> What to work on: Transcribe exactly, leaving out pictures, the lines from the one that holds "Jouet à mâcher" through the end of the data below, including both end lines and no others.
*** Opening of Data in this exercise ***
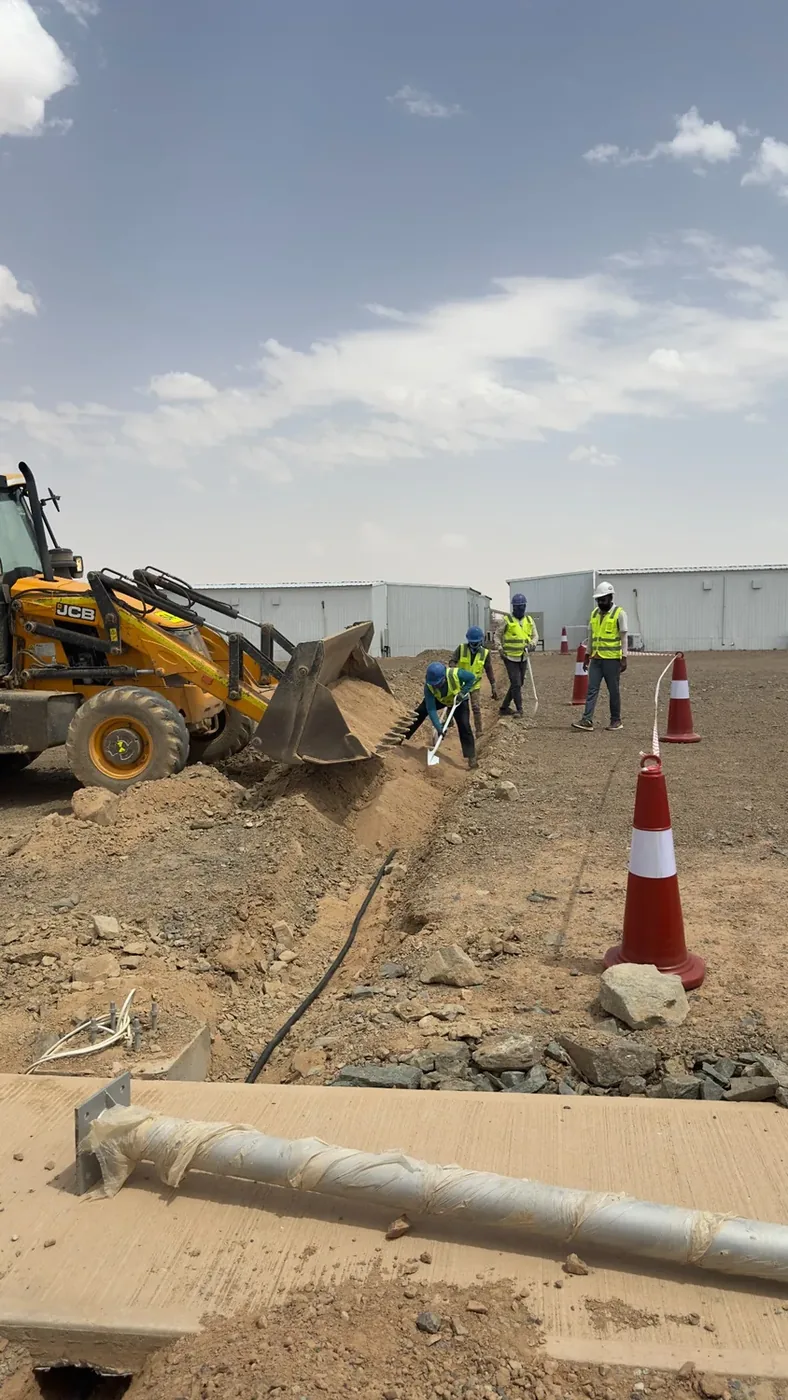 Jubail workforce-accommodation reference depicting underground cabling and trenching work for the Saudi labour camp IPTV and Wi-Fi project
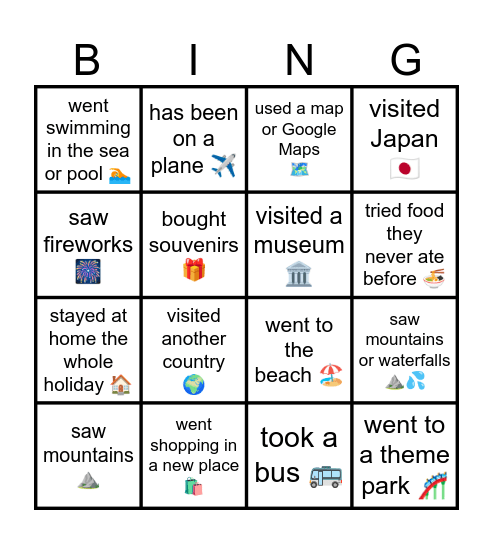 Summer Holiday Bingo Card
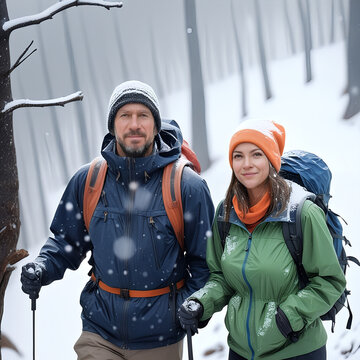 Hombre y mujer caminando en una monta&ntilde;a mientras est&aacute; nevando 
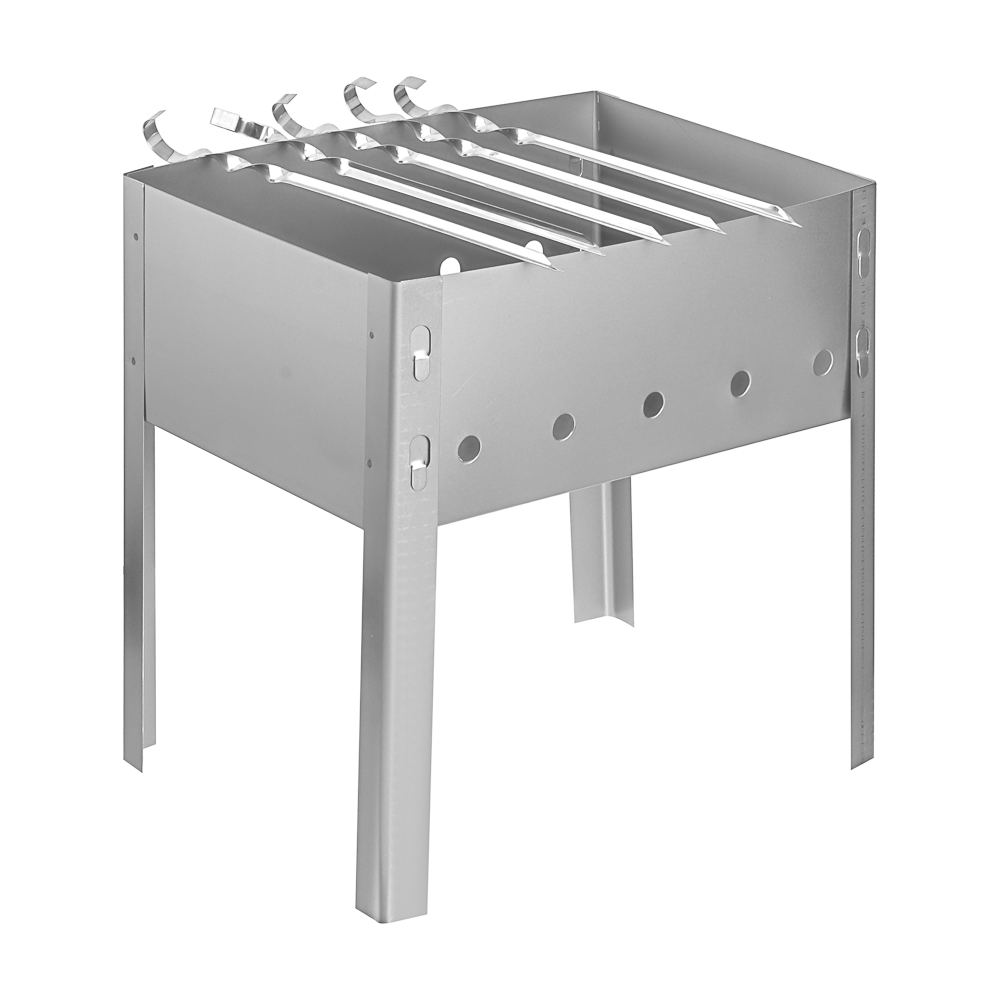Мангал сборный "Эконом" тм GRILLBOOM, сталь 0,4мм, 35*25*35 см, с шампурами, арт.№ 103-014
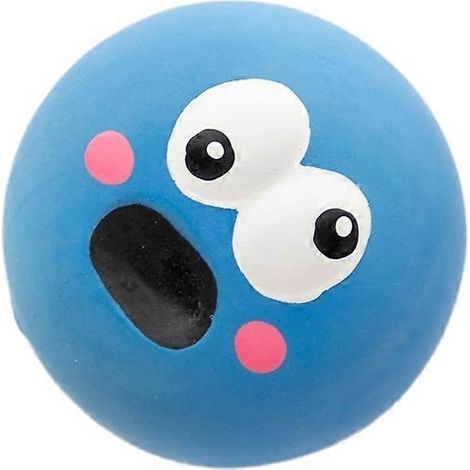 Jouet à mâcher interactif pour petits chiens : balle en caoutchouc souple avec couineur. (1/5)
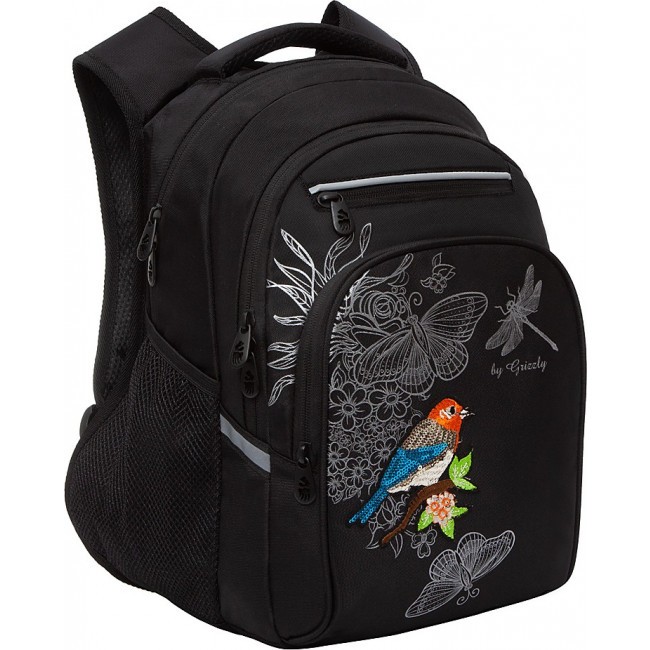 Школьный рюкзак Grizzly RG-161-3 черный - фото №2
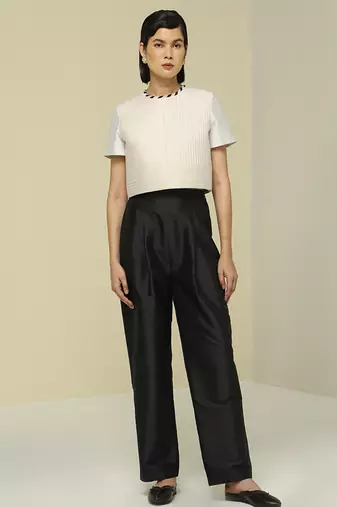 White plain silk co ord set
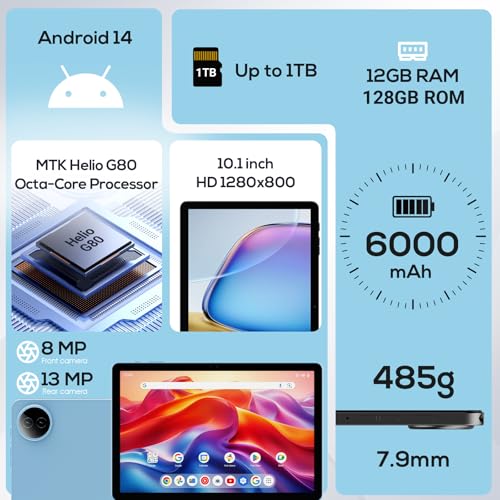 10.1" 2025 Newest Android Tablets with Octa-Core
*** Close of Data in this exercise ***
> Your response:
 Jouet à mâcher interactif pour petits chiens : balle en caoutchouc souple avec couineur. (1/5)
 Школьный рюкзак Grizzly RG-161-3 черный - фото №2
 White plain silk co ord set
 10.1" 2025 Newest Android Tablets with Octa-Core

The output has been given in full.